After all, there may not be a concrete solution just based on one of these three stakeholders that solves the misinformation problem. A more plausible solution could be a mix of technical, social and policy based ideas.
Finding 1: Image misinformation is highly prevalent in public political WhatsApp groups.
In order to understand the problem of image misinformation, we had 2,500 images manually annotated by three independent journalists. The 2,500 images consists of two sets: (i) a random sample of 500 images taken from our 1.6 million images (random), and (ii) a set of 2,000 most shared images from our data (popular). We sampled these two sets differently in order to get a sense of the underlying distribution of misinformation in the rest of the dataset. We asked the annotators to select from 4 options: 1. Misinformation, 2. Not misinformation, 3. Misinformation already fact checked, 4. Needs concrete fact checking (unclear) (see Methods for details). We also grouped together similar images into clusters, using an image hashing technique that identifies perceptually similar images (Klinger & Starkweather 2010).
First, we compute the prevalence of the various types of misinformation in both the samples (popular and random) and populations of interest. The first two columns of Table 1 show simple proportions of the two types of labeled samples given each majority label. As might be expected, previously fact-checked misinformation is much more common among the most popular images (that is, image clusters), compared with the random sample. In order to estimate the prevalence of these types of images in the broader set of images in the monitored groups, we used standard inverse probability weighting (IPW) estimators and associated standard errors that are widely used in survey sampling to estimate these proportions (Särndal et al. 2003, Lumley 2004). First, we can estimate prevalence among all unique images (i.e., image clusters). Because this gives equal weight to all images, the results are very similar to the random sample. We find that approximately 10% of image shares are obviously (to journalists) misinformation, with 3% more being misinformation that has been previously fact-checked. Clearly, misinformation makes up a substantial portion (13%) of all image sharing in these political groups, even if we are unable to conclusively label many images as misinformation or not.

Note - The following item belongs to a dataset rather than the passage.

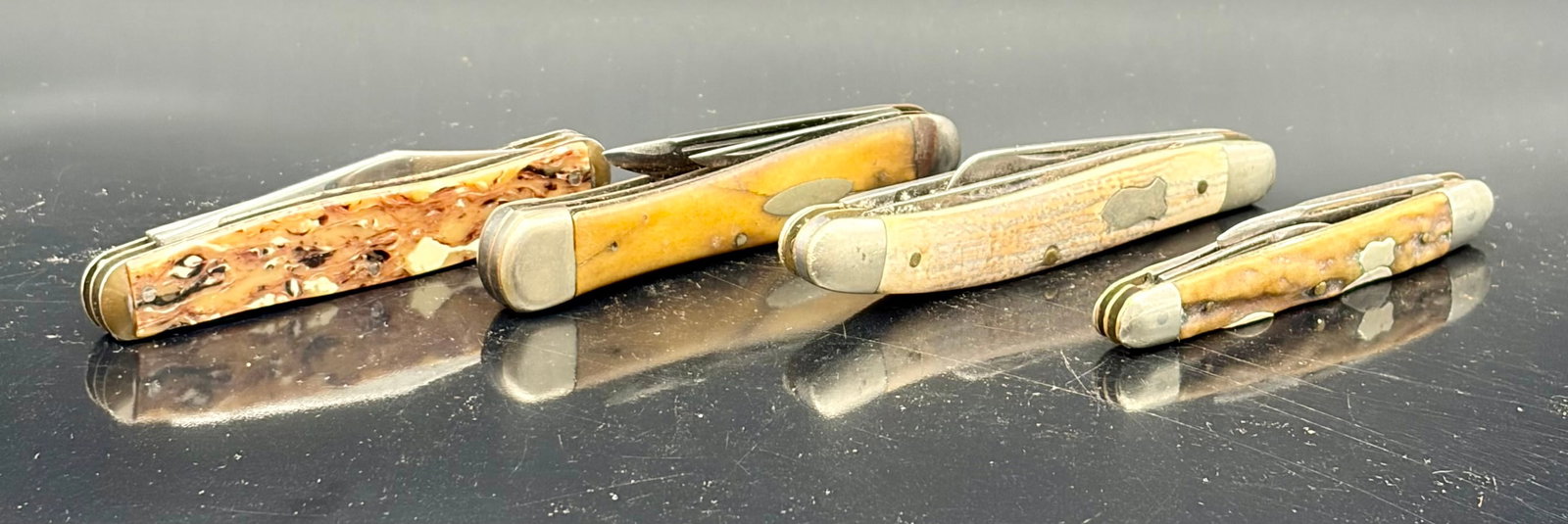 4 Vintage Jack Knives incl. Iroquois USA: A handsome lot of four vintage American-style jack knives, featuring jigged composite and bone-style handles in warm earth tones. This group includes:1.Iroquois – Made in USAMarked “IROQUOIS – M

|Fact checked misinfo||7.0 (0.6)||2.6 (0.7)||2.6 (0.9)||3.2 (0.7)|
|Misinfo||18.8 (0.9)||10.7 (1.4)||9.3 (1.5)||11.1 (1.2)|
|Not misinfo||39.4 (1.2)||43.5 (2.2)||46.2 (2.6)||43.5 (2.1)|
|Unclear||34.9 (1.1)||43.3 (2.2)||41.8 (2.6)||42.2 (2.1)|
Finding 2: Most image misinformation falls into three categories: old images taken out of context, memes and photoshopped images.
Qualitative analysis of the image types reveals that the misinformation covers a wide spectrum of images including historic & religious myths, nationalism and political memes. Many images convey a sense of immediacy, and shock value (violent/graphic images) which makes them spread faster. We created a typology of the various types of image based misinformation.
This will help us understand the different types of deception used.
Based on manual coding, we were able to identify 3 main types of images:
(i) Old images that are taken out of context and reshared,
(ii) images which are manipulated/edited,
(iii) memes – funny, yet misleading images, containing incorrect stats or quotes, and,
(iv) other types of fake images, consisting of health scares, fake alerts, superstitions, etc.
We should note that this is not an exhaustive list of categories and could be specific to our dataset.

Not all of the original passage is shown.